After the necessities, I had time to stand around in the sun, listening as the wave starts were announced over the loudspeaker. I heard Wave One go up to the start. Even in the sun, I was cold. The last half hour dragged. Exhaustion from my restless night hit me. When Wave Two was called up to the start, I worried that my leg muscles felt stiff from the chill. I squished into Corral 7 with many fellow runners. Everyone was still polite and friendly and happy. I felt like a zombie. Too bad that I had survived the ordeal of waiting, only to crash now.


Athletes' Village
Wave Two’s official start went off and the runners in Corral 7 began walking slowly toward the front of the line. The crush of people dissipated slightly, enough for everyone to begin a jogging pace. I crossed the starting line feeling as if I was stumbling along. “I can’t do this,” I kept thinking. “I’ve lost it, I’m so tired, my legs are stones.” I could only hope I’d warm up and feel better after a few miles. Until then, I couldn’t let being a zombie serve as an excuse. I focused on not crashing into anyone around me (a difficult task!). I had to keep moving forward. If I could keep running, I would feel better, I promised myself.

I vaguely registered my surroundings. I remember running through the streets of what seemed like a charming village. I don’t really know, though: I may have been dreaming. We passed the 1-mile marker very quickly. I realized later it hadn’t been the 1-mile marker, but the 1-kilometer marker. No wonder it came so fast.

I reached my magic mile around marker 5. The blood had begun flowing again to my legs and brain. My feet moved without stumbling. My mind emerged from the fog. Everyone said it was a beautiful morning, the best weather anyone could hope for, cool and clear. I settled into my pace and listened to the friendly talk around me.

Keep moving, keep moving, I thought. You can do this now. This is a guaranteed thing. This is one of the few things in life you can count on—you do the race, you get the prize. Run to the finish line and you’ve got it. You get the medal, you can love the T-shirt, you will always know you finished the Boston Marathon. Keep moving and it is a guarantee. So I told myself in the early stages of the race.

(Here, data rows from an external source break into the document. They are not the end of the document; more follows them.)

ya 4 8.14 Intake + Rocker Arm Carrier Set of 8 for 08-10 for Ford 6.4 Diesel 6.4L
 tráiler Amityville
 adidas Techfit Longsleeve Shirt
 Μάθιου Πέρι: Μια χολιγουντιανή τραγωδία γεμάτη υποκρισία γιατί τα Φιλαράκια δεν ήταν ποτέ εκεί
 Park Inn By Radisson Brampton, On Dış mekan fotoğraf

The Wellesley Scream and Onward

Approaching the halfway point, I began to anticipate the Wellesley Scream. I had heard about this phenomenon from some other runners, including my seatmate on the bus ride. He informed me that the Wellesley girls prided themselves on their cheering, lining up along the marathon route as it passes by Wellesley College and screaming multitudes of runners on toward the finish. I couldn’t decide if a Wellesley “Scream” was something to look forward to or dread. I never imagined it could prove to be as enjoyable as it actually was; in fact, I still can’t articulate the appeal of running down a long stretch of pavement in front of crowds of college-age girls yelling and holding signs like, “Why are you running to your dreams? I’m right here!” I clearly wasn’t the intended audience of their creatively phrased “Kiss me!” invitations. (“Did any of the guys run over and kiss them?” someone asked when I described the scream. I didn’t see anyone do it—but that doesn’t mean it didn’t happen.) The Wellesley Scream was just fun!

Later, we would run by Boston College as well, and the students there provided some spirited cheering. I guess there’s a reason, though, why I heard about the Wellesley Scream several times before I experienced it, but I never heard about the Boston College … uh, cheering. Wait, that’s not fair: all the spectators who cheered contributed to my success that day. I’ve run other marathons noted for the crowd support, but nothing like this. And especially when it came to the hills, the warm-up to Heartbreak Hill and then the infamous heartbreaker itself, I could feel the encouragement nudging me forward. Spectators promised us a crest at the end of the ascent, and when we reached that summit, they lauded our achievement as their own. “The Heartbreak is over,” announced one sign as large as a store window. I know I was smiling as I ran by.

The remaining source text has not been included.